Pubbl. Mar, 3 Mar 2015
La nomofilachia della Cassazione e il suo legame con il precedente giudiziario di Common Law.
Modifica paginaLe massime della Corte di Cassazione sono in antitesi con il nostro sistema di Civil Law? O piuttosto da esso imprescindibili?
Come tutti gli operatori del settore giuridico ben sanno, la Corte di Cassazione è il giudice di legittimità del nostro ordinamento nonché organo al vertice della giurisdizione italiana.
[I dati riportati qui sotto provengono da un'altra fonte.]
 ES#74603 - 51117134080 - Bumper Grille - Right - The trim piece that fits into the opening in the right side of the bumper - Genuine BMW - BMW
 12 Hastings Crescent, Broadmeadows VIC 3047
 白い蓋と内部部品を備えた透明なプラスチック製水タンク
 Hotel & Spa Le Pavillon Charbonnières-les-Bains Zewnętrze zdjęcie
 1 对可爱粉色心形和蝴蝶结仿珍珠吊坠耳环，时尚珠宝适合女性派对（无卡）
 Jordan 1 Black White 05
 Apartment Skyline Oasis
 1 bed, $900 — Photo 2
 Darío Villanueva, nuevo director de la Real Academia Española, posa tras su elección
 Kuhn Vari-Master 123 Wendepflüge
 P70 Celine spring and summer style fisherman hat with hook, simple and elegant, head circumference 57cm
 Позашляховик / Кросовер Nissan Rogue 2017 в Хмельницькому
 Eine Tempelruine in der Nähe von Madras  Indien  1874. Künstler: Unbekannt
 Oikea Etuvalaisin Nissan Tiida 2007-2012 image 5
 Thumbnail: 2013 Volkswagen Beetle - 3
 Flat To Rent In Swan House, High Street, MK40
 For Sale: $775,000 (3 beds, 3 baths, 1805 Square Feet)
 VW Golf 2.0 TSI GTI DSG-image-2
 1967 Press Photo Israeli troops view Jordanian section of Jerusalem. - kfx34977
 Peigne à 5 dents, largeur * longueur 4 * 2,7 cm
Si ricorre ad essa per impugnare sentenze di primo grado e in grado di appello e la pronuncia può confermare gli elementi della sentenza impugnata; cassarla senza rinvio (annullarla) o cassarla rinviandola a giudizio (affinché il giudice che l’ha prodotta si ripronunci in merito).
Funzione preminente della Corte è però quella nomofilattica: i magistrati che la compongono infatti, sono chiamati ad assicurare la correttezza di interpretazione e applicazione delle norme da parte dei giudici dei gradi di merito attraverso anche l’inserimento nel dispositivo della sentenza delle posizioni interpretative assunte dalla Corte in materia. Queste posizioni null’altro sono che i principi base fondanti un’eventuale futura trattazione -da parte di giudici di altri gradi- della medesima o simile questione.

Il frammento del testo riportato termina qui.